The smallest region of Italy, mountainous Valle d’Aosta is famed for its Fontina cheese. Most milk produced in the area is used to produce this buttery, nutty cheese that’s been made here for nearly 700 years.
In Piedmont, if you’re feeling rich, try the renowned white truffles (trifola d’Alba); sniffed out by trained dogs, they’re supposedly an aphrodisiac! Southern Piedmont, near Asti and Alba, produces some of Italy’s greatest wines, we’ve all heard of Barolo and Barbaresco. Polenta is another regional specialty. Monasteri Bormida and Bubbi, two cities in the Asti district each year hold the festival of Il Polentone (“the big polenta”).
Antipasto is a hallmark of Piemonte cuisine; you could be faced with as many as two dozen varieties at city restaurants. The most famous antipasto dish is "bagna cauda", vegetables dipped fondue-style into a "hot bath" of oil, anchovies, and garlic – strong stuff!

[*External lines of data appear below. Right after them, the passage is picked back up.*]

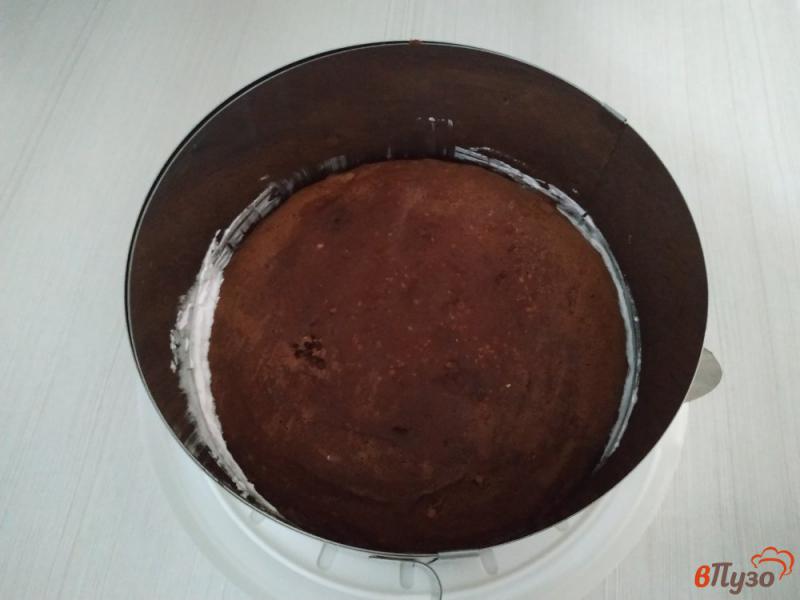 Фото приготовление рецепта: Шоколадный бисквитный торт со сливками и клубникой шаг №18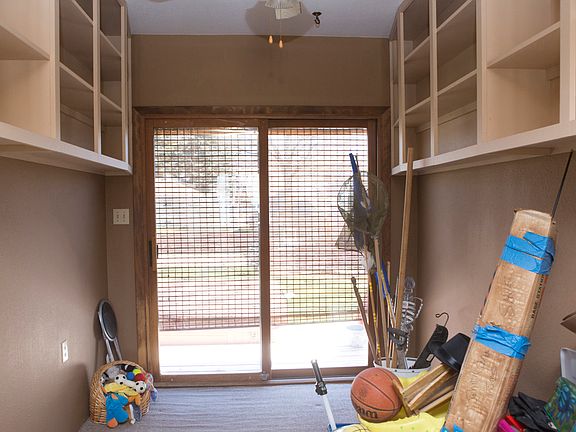 Shelving on both sides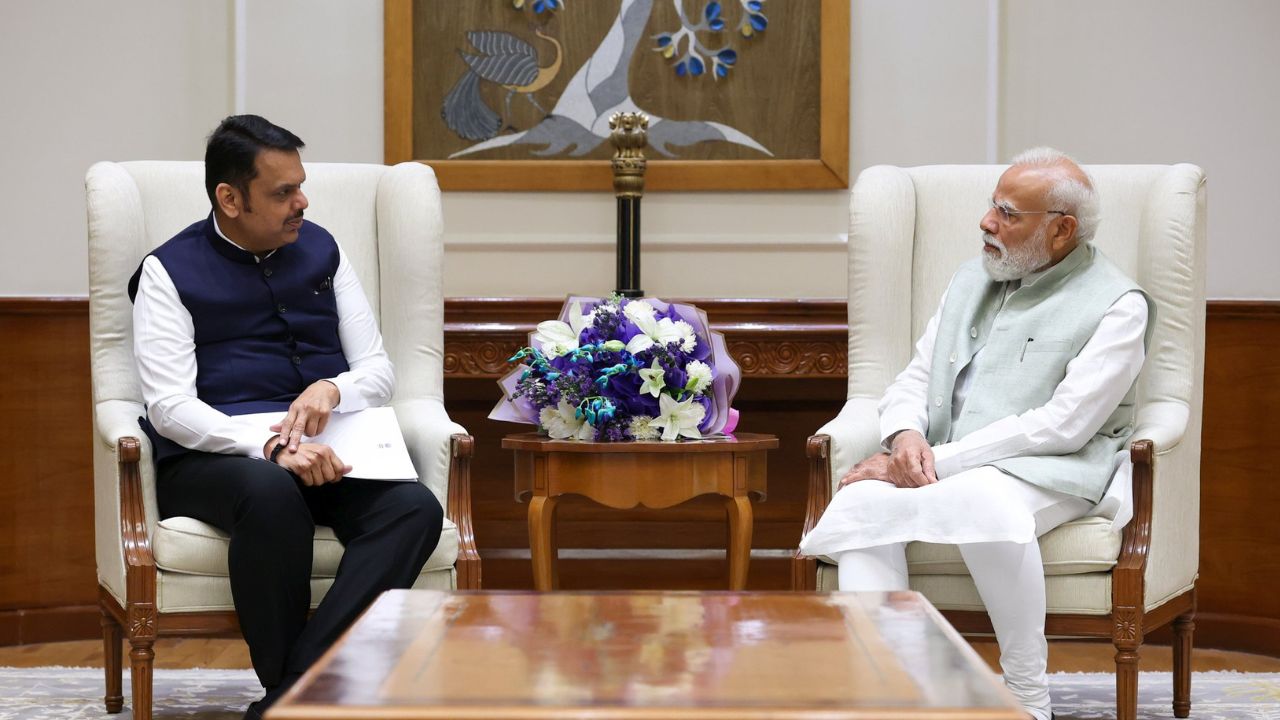 PM मोदी से मिले CM फडणवीस, प्याज किसानों को मिल सकती है बड़ी राहत.. कई मुद्दों पर चर्चा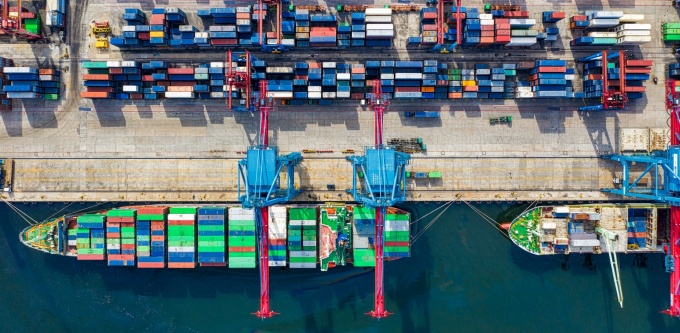 A congested port with shipping containers. 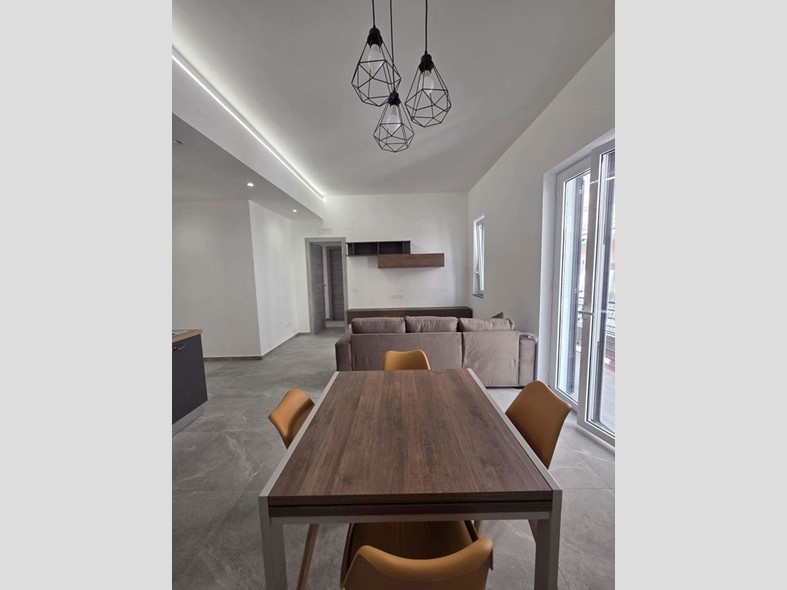 Bilocale in Affitto a Barcellona Pozzo di Gotto, 1'000&euro;, 60 m²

If you’re around in Autumn, make sure you get to the Langhe district, where Barolo wine and truffles come from. After the grapes have been harvested the farmers go hunting for truffles with their specially trained dogs. The Barolo wine goes perfectly with specialities such as "taiarin," narrow tagliatelle enriched with aromatic truffles.
A Piemontese specialities is "agnolotti," pasta made with eggs stuffed beef, pork, or rabbit, flavoured with sausage, parmesan cheese, eggs and herbs. Piedmont is one of the most important rice-growing regions of Italy, and "Risotti" or rice dishes are another speciality, often covered with shaved truffles. In past times a "risotto" might compose the entire meal, enriched with "funghi porcini" (mushrooms), fondue, eels and frogs from the Po River, little birds on a spit, and other delicacies.

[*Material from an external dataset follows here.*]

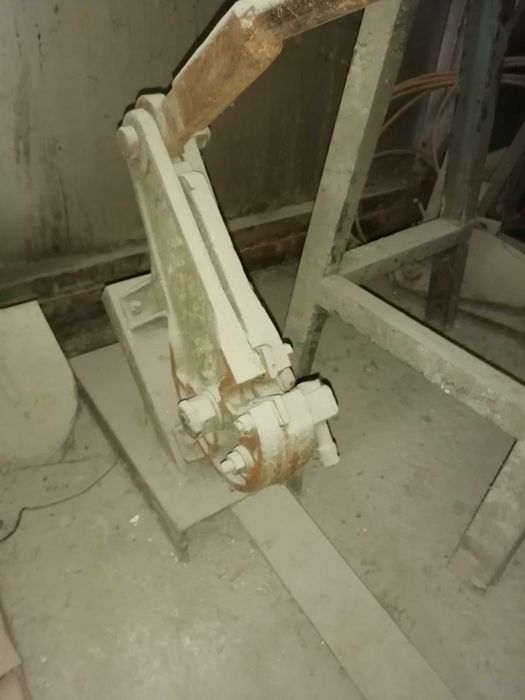 Foarfecă /ghilotina de tablă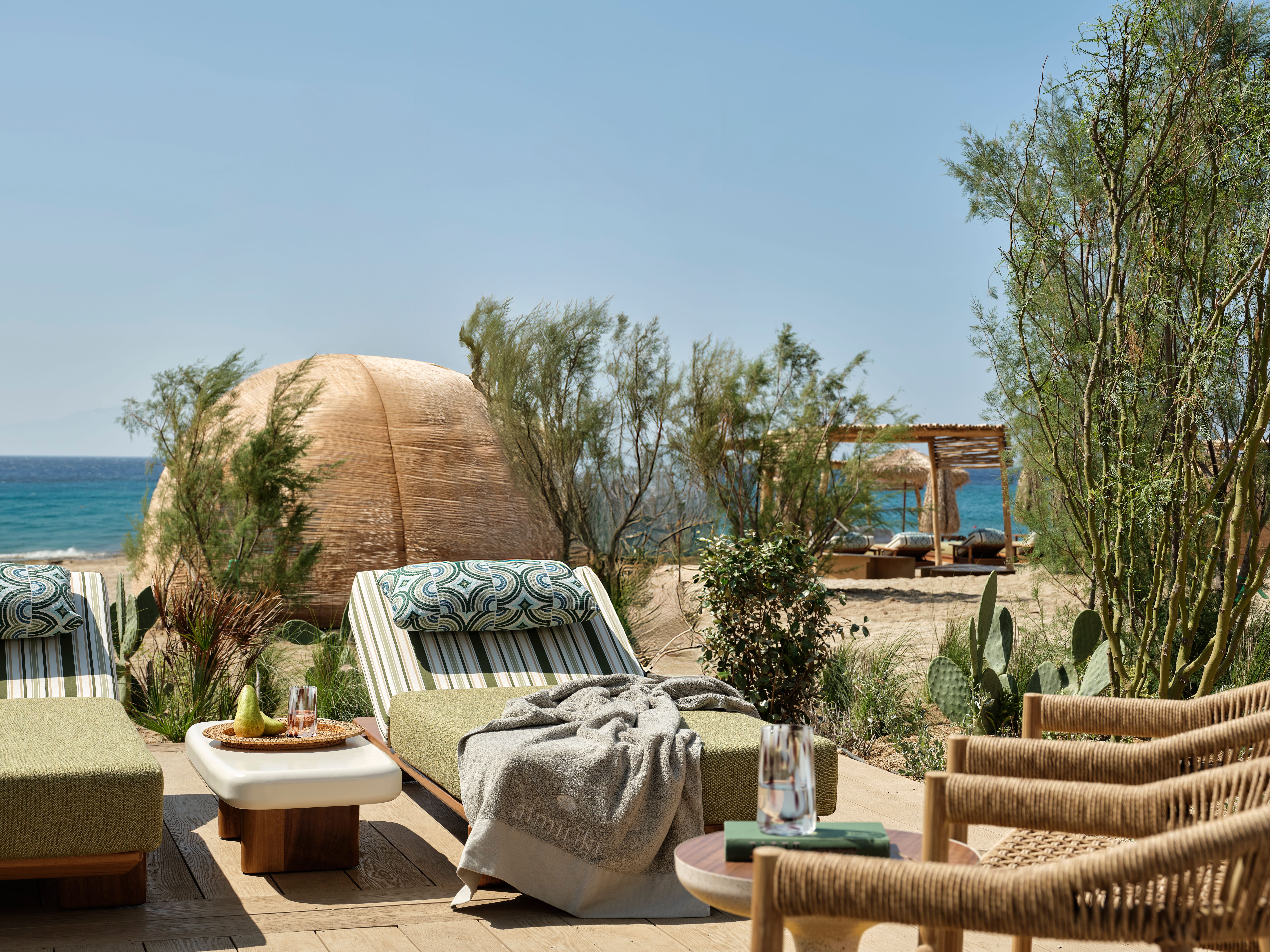 Executive Beachfront with Jacuzzi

The secundi piatti served in Piedmont show French influence, for example, "brasato al Barolo" (braised beef with Barolo red wine). "Bollito misto" or boiled meats is served without any extras, except sometimes "mostarda" from Cremona, fruit preserved in syrup that gains quite a kick from a healthy jolt of powdered mustard seed. The rich assortment of meats includes pork, veal, turkey, beef and vegetables accompanied by pickled sauces and "salsa verde", a spicy green sauce made from parsley, garlic, breadcrumbs soaked in vinegar, hard-boiled eggs, olive oil and pepper.
Cheeses from the area include "Tome delle Langhe" and "Brus". The best "Tome" are soft inside with a thin pale yellow crust. Some farmers conserve them with oil and herbs. "Brus" is not advised for those with delicate stomachs, as it has a hell of a kick (it’s made with grappa, a lot of pounded black pepper and hot red pepper) – have some dessert wine handy as an antidote!

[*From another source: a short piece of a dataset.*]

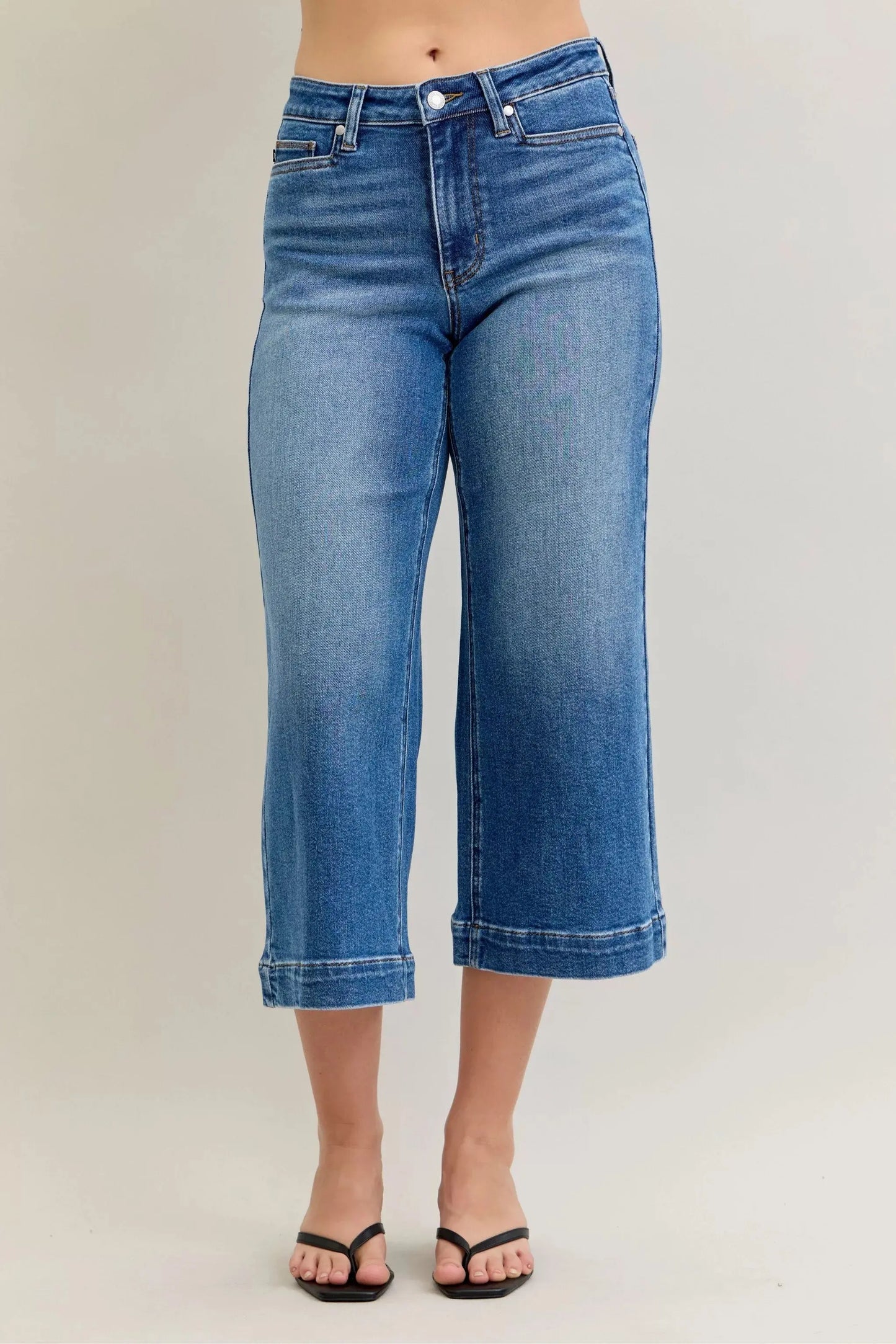 Judy Blue Jeans - Mid Rise Crop Wide Leg Jeans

Turin didn’t just invent "grissinis" (breadsticks). Chocolate was produced there even before Switzerland, and chocolatiers Giroldi and Giuliano were already famous in 1700 where their shop in Via Doragrossa served hot chocolate to faithful customers. Their competitor, Peyrano, today uses nine different types of cocoa in their products which include bitter gianduiotti (made with almonds), pistacchio shells and other specialties. Baratti & Milano and Caffarel are other famous names.
South of these two regions on the coast is Liguria. Ligurians are known for their seafood dishes and their Pesto Genovese, a sauce made of a paste of fresh garlic, extra virgin olive oil, fresh Italian basil leaves, pine nuts and Parmigiano Reggiano cheese.
The trattorias along the Ligurian coast serve a typical fish soup called "ciuppin" which is served in two dishes, one containing a strongly flavoured broth with thick bread, in the other the fish, shrimps, and octopus that helped make the broth. Another speciality, "frutti del mare" (a seafood platter) are cooked simply with oil, parsley, garlic, pepper and white wine.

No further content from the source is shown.